Most Americans do not know about "Newfies". Newfoundlanders. Sort of like Canada's rednecks. My wife is a newfie and loves newfie jokes.
Texans have Aggie Joke, an aggie being someone who goes to or went to Texas A&M University.
There were three Aggies huddled around each other at a local bar. All of a sudden, they jumped up and yelled,
"Yeah, 45! 45!" The bartender goes down to them and asks, "45? What are you guys so excited about?"
One of the Aggies speaks up: "We just finished a jigsaw puzzle. The box said 2 to 3 years, and we did it in 45 days!"
What is the difference between an Aggie and a carp?
One is a bottom feeding scum sucker and the other is a fish.
Did you hear about the Aggie terrorist who tried to blow up the Longhorn team bus.
He burned his lip on the tailpipe.
How many Aggies does it take to screw in a light bulb?
One, but he gets 3 hours credit.
What is the difference between the Aggies and Rice Crispies?
Rice Crispies know what to do in a bowl.
Where was O.J. hiding right before the famous white Bronco Chase?
On the A&M campus, because that's the last place you'll find a football player.
Did you hear about the skeleton they found in a closet in one of the dorms at A&M?
It was the 1963 hide-and-go-seek champion!
Did you hear about the Aggie who won a gold medal at the Olympics?
He liked it so much that he decided to get it bronzed.
Why did the Aggie get fired from the M&M plant as a quality control inspector?
He kept throwing out all the W&W's!
Have you heard about the Aggie kamikaze pilot?
He flew 22 missions.
An Aggie got a job at an east Texas sawmill.

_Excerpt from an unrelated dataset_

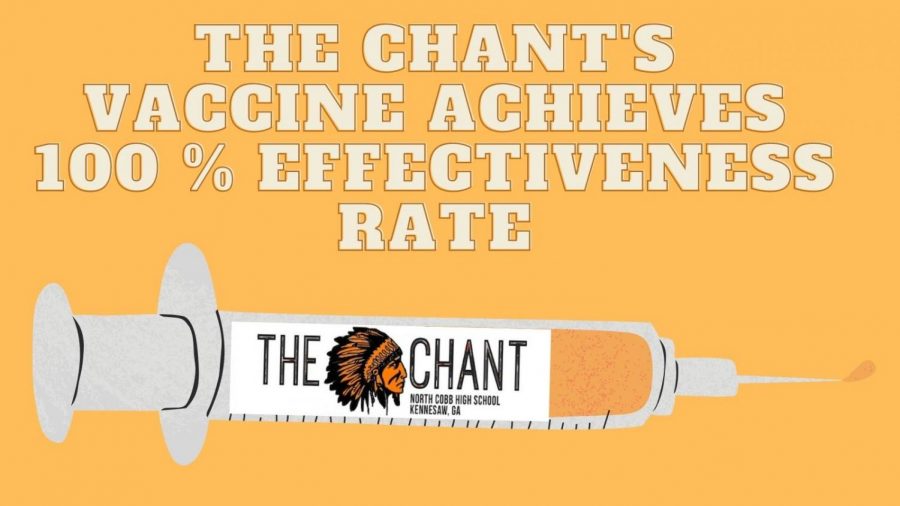 The Chant recently created a vaccine to fight off the COVID-19 virus. The vaccine currently exists as the most effective vaccine compared to Johnson and Johnson, Pfizer, and the Moderna vaccines. People no longer need to worry about contracting and spreading COVID-19.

Just before lunch on his first day, he lost a finger. When asked
how he lost it, he replied, "I just touched this big spinning thing here like thi...Darn! There goes another one!"
Did you hear about the Aggie that drove his pickup into the lake?
His dog drowned while he tried to get the tailgate down.
Why don't Aggies eat barbecue beans?
Because they keep falling through the holes in the grill.